Well, [Chris] caught the vector graphics bug. But he decided to build a Scopetrex – a hardware emulator that allows you to run Vectrex games on an oscilloscope! He would theoretically just connect this to the Conar 255’s existing X, Y, and Z (blanking) inputs.
We like this “minimum invasion, maximum re-use” approach. We’ve gone down this route numerous times to craft Oscilloclocks out of still-usable hardware. (The alternative? Install a full set of modern boards that drive the CRT directly.)
Sample specimens of “minimum invasion, maximum re-use”
[Chris] got down to planning. He could interface the X and Y inputs easily. But he faced a problem with the Z (blanking, or intensity modulation) signal, which instructs the scope when to turn the beam on and off:
The Scopetrex outputs a 5V DCdigitalblanking pulse.
The Conar requires at least 20V peak-to-peak blanking signal – and employs analog AC coupling.
We’ve solved this mismatch problem before using various non-standard Oscilloclock board setups and complex hook-ins to the existing circuits. Always on a case-by-case basis, always unique.
But now, at last, it was time to standardise the process. To make it easy. To adapt any vintage oscilloscope for digital blanking from a microcontroller! We proudly announce the next member of the Core family: The Z Core!
The Z Core (in this case, a Z Core 2 Ex) …
… joins the Oscilloclock Core family!
How to install it
Believe it or not, the minimal installation requires just 3 steps. For almost any oscilloscope! The Z Core effectively sits in series between your device’s blanking supply and the CRT grid.
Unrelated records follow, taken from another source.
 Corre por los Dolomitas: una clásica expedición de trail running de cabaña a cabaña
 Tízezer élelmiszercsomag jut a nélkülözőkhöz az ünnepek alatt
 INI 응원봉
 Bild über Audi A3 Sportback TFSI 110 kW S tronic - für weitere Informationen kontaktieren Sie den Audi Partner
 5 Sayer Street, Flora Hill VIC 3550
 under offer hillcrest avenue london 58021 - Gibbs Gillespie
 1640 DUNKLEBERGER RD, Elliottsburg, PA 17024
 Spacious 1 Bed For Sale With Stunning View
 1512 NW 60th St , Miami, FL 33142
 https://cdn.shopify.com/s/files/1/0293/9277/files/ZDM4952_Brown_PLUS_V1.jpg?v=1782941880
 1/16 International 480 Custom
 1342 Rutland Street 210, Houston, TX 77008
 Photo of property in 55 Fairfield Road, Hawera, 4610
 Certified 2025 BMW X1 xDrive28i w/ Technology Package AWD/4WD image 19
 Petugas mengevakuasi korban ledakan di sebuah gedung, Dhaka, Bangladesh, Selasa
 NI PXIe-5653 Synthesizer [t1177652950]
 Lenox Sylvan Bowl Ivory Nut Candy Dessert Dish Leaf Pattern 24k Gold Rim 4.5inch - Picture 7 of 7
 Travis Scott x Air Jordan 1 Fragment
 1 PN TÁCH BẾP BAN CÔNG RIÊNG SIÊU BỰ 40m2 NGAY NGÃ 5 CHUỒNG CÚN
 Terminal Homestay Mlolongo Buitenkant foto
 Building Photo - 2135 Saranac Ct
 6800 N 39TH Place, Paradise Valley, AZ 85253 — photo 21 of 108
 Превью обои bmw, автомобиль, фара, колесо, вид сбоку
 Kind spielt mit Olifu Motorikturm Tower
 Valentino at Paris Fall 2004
Snip the wire connecting to CRT grid.
Connect the orange wire from the Z Core to the circuit side of the cut wire.
Connect the green/yellow wire to the CRT grid.
Snip.Connect!
Visit the Z Core Support Page for lots more detail, including the obligatory warnings about high voltage. There are also details on how to connect the Z Core to your controller, detailed specifications, and some fun Q&A to help answer your most burning questions!
The Z Core 2 Ex!
We’ve wanted to develop a dedicated, built-for-purpose Z Core product for a very long time. This would consist of a single, miniaturised, low-power board called (ingeniously) a “Z Core Board”, and a few harnesses.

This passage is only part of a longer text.